Il était question que Pierre Gramegna remplace Étienne Schneider au conseil compétitivité si le reporting public pays par pays était maintenu dans ce volet. (Photo: Sven Becker / Archives)

Il était question que Pierre Gramegna remplace Étienne Schneider au conseil compétitivité si le reporting public pays par pays était maintenu dans ce volet. (Photo: Sven Becker / Archives)

La Commission européenne avait jeté un pavé dans la mare en avril dernier lorsqu’elle avait proposé une directive qui oblige les multinationales établies dans l’UE et en dehors à publier un rapport annuel sur leurs bénéfices, les impôts payés et leurs revenus. Sont concernées les entreprises dont le chiffre d’affaires annuel dépasse 750 millions d’euros.

Le texte viendrait amender la directive sur la comptabilité – une astuce trouvée par le service juridique de la Commission pour faire passer cette mesure grâce à la majorité qualifiée.
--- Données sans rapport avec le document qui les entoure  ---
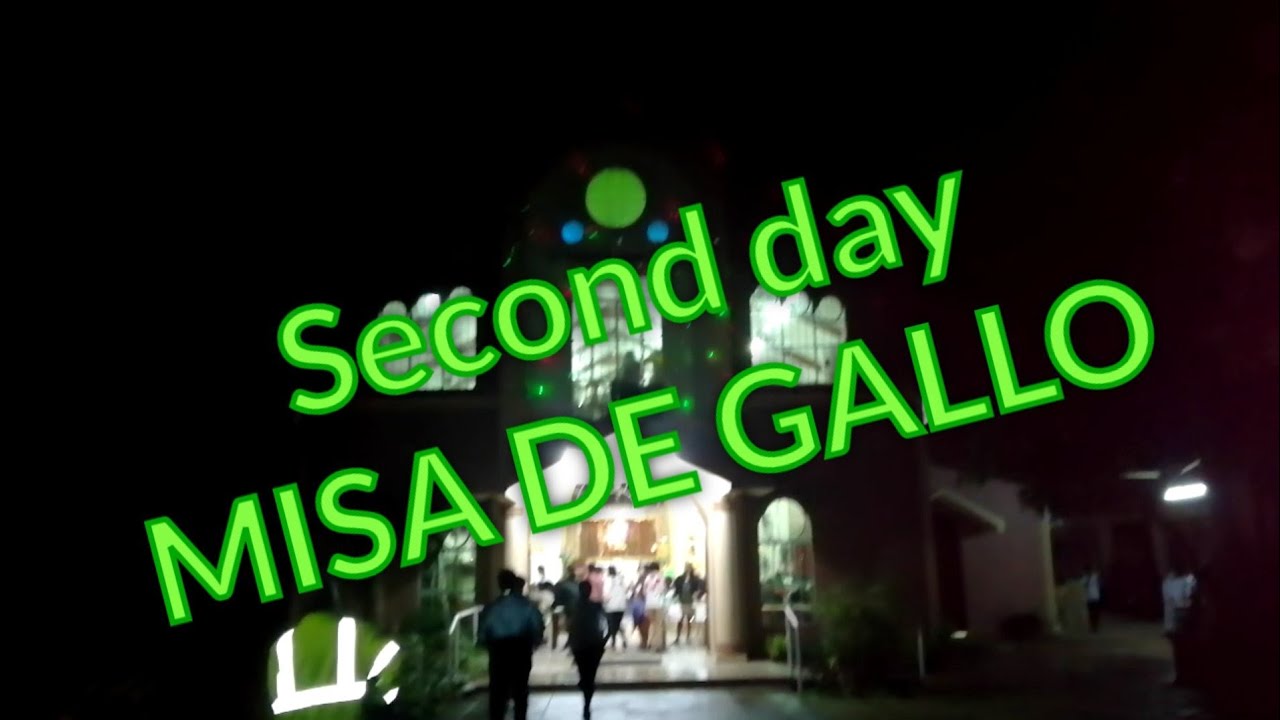 SECOND DAY OF MISA DE GALLO 2020 | 2ND SIMBANG GABI 2020 - YouTube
Elle aurait en effet peu de chances de passer si elle était présentée dans le volet fiscalité, une matière hautement sensible, qui requiert pour toute décision l’unanimité des États membres.
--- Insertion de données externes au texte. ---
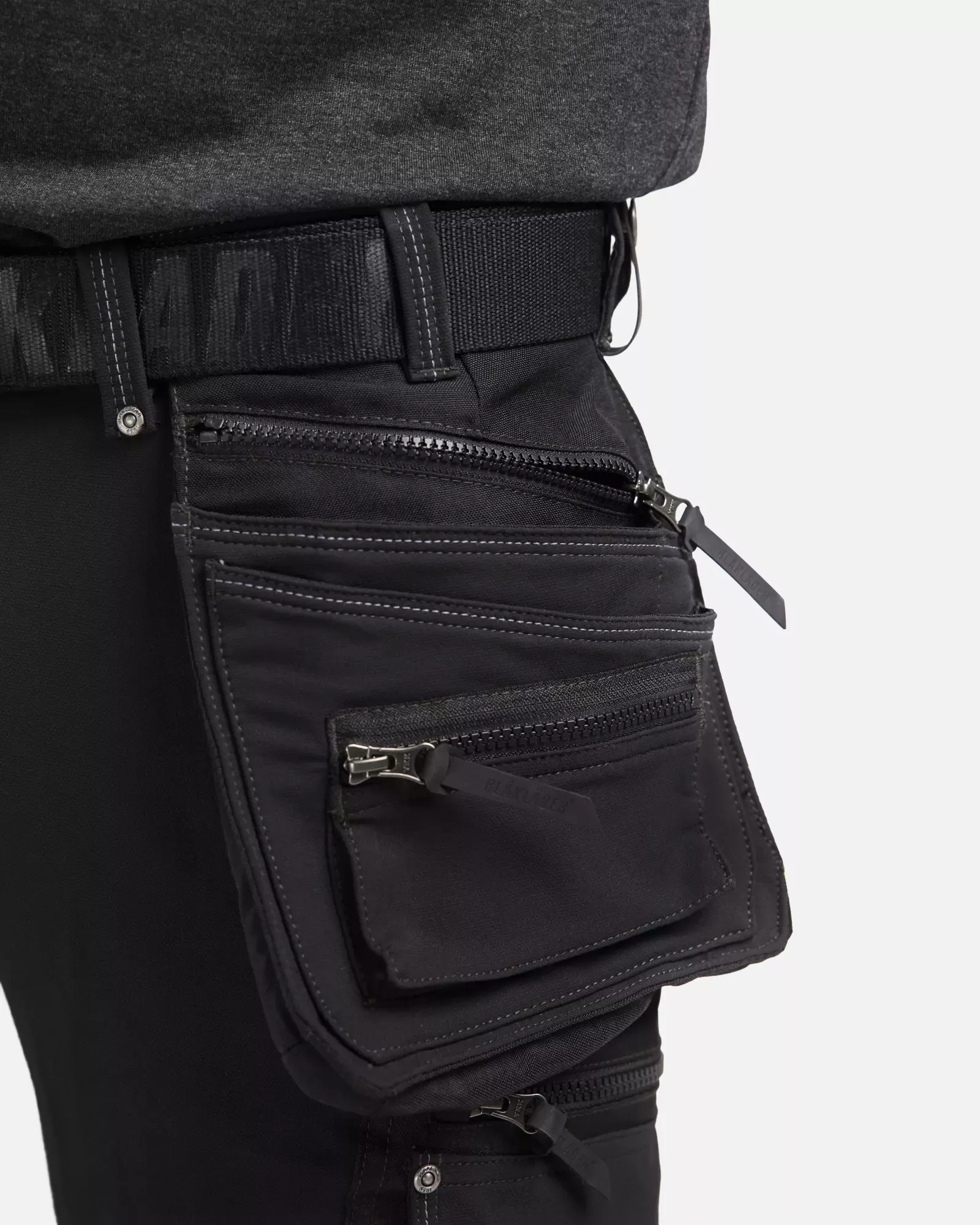 Blaklader 179716449900, 4-Way Stretch Craftsman Pirate Shorts, Black, image 6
Luxembourg parmi les premiers pour le Beps

De fait, plusieurs États, dont le Luxembourg, ont déjà fait part de leurs réserves quant au reporting public pays par pays. «Il faut garder une vue d’ensemble des choses et notamment ne pas perdre de vue le level playing field», rappelle le ministère des Finances, joint par Paperjam.lu. «Si nous devions aller plus loin que les autres pays, il y aurait des risques pour la compétitivité de l’économie luxembourgeoise.»

Car la Commission dépasse déjà le cadre inspiré par l’OCDE et ses règles adoptées en novembre 2015 visant à réduire l’érosion de la base d’imposition et le transfert des bénéfices (Beps). Le Grand-Duché figure parmi les premiers pays à avoir adhéré au projet Beps, qui prévoit un reporting pays par pays pour les multinationales, permettant de donner aux administrations fiscales une vision complète de la façon dont elles structurent leurs activités. Un reporting non public, mais jugé efficace pour réduire les possibilités d’optimisation fiscale agressive.

Succès européen non garanti

Le Luxembourg estime donc que la publication des données de ce reporting n’apporte rien et constituerait même un risque pour les pays européens alors que le reste du monde n’applique pas les mêmes règles. Le même débat a eu lieu au printemps en France alors que la loi Sapin 2 prévoyait un reporting public, provoquant une levée de boucliers dans le milieu des entreprises. Le regard de la Place luxembourgeoise est tout aussi inquiet.

Le succès de cette mesure au niveau européen n’est pas assuré puisque le service juridique du Conseil a publié lundi un avis estimant que cette dernière relève non pas de la comptabilité, mais bien de la fiscalité. Une position que ne partage pas Sven Giegold, eurodéputé Vert au Parlement européen et membre des commissions taxe et taxe 2 instituées dans la foulée des LuxLeaks. «Il y a de bonnes raisons juridiques de juger qu’il s’agit ici d’une question de transparence et non seulement de fiscalité», a-t-il indiqué au Wort.

Les experts des États membres doivent se prononcer sur la base juridique de cette mesure. Une discussion qui promet d’être tendue puisque tous les États doivent être d’accord pour un changement éventuel de base juridique.